1053. Der Kampf gegen das Krokodil

Der Kampf gegen das Krokodil

Am Ufer eines Steppensees lag ein riesiges Krokodil. Vom Kopf bis zur Schwanzspitze mochte es bestimmt sieben Meter lang sein. Sein Maul hatte es weit geöffnet und ließ seine langen und scharfen Zähne in der Sonne aufblitzen. Niemand wagte sich auch nur in die Nähe dieses Ungetüms. Zu groß war die Gefahr, als Frühstückshappen zu enden.
»Ach, ist das herrlich hier.«, seufzte das Krokodil wohlig. »Den ganzen Tag am Wasser liegen, in der Sonne brutzeln und niemand da, der mich stört. Schon praktisch, wenn man als Krokodil geboren wird und jeder Respekt zeigt.«
Während es sich noch ein paar Gedanken mehr über sein Leben machte, huschte eine kleine Maus unter einem Busch hervor und umrundete in einem wilden Lauf die Füße des Krokodils.

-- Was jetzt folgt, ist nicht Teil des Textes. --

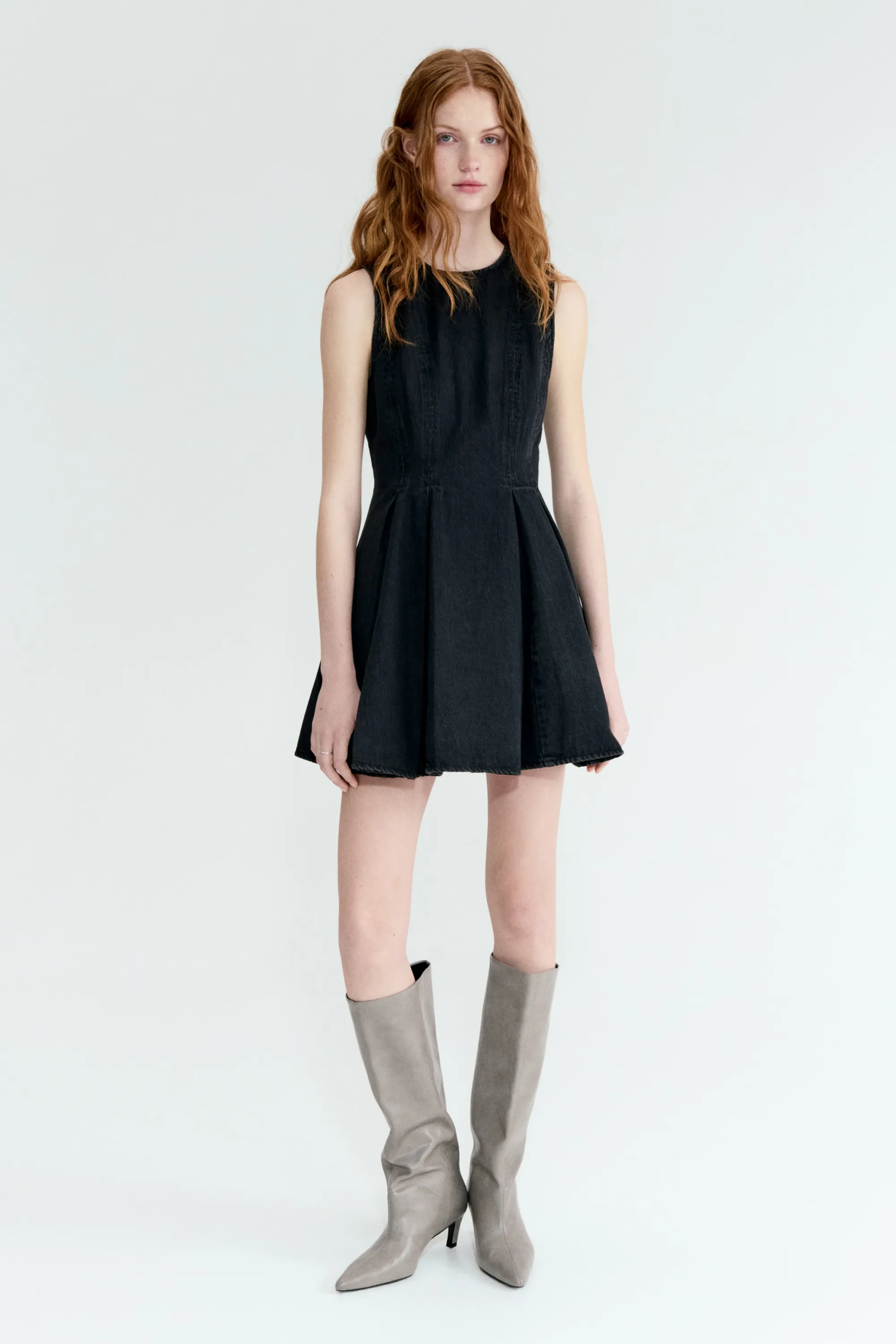 Robe en denim avec jupe évasée - Noir délavé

»Du glaubst doch wohl nicht, dass ich Angst vor dir hätte.«, rief sie laut und machte so auf sich aufmerksam. »Ich bin eine kleine, aber dafür besonders tapfere Maus. Ich fürchte mich vor Niemandem, ganz besonders nicht vor dir.«
Das Krokodil sah sich um, entdeckte die Maus und verdrehte genervt die Augen. »Verschwinde, du Winzling. Geh mir nicht auf den Wecker, sonst werde ich dich noch verspeisen.«
Die Maus begann zu lachen. »Du willst mich tatsächlich verspeisen? Das glaubt dir doch keiner. Du bist so groß und schwer, dass du dich nicht schnell genug bewegen kannst, um mich zu fressen.«
Das Krokodil schüttelte den Kopf. Es stand ihm gar nicht der Sinn danach, die Maus zu fressen. An dem kleinen Ding war gar nicht genug dran, um wenigstens als Vorspeise durch zu gehen. Trotzdem begann es, nach dem Nagetier zu schnappen. Irgendwie musste die Ruhe am See wieder hergestellt werden.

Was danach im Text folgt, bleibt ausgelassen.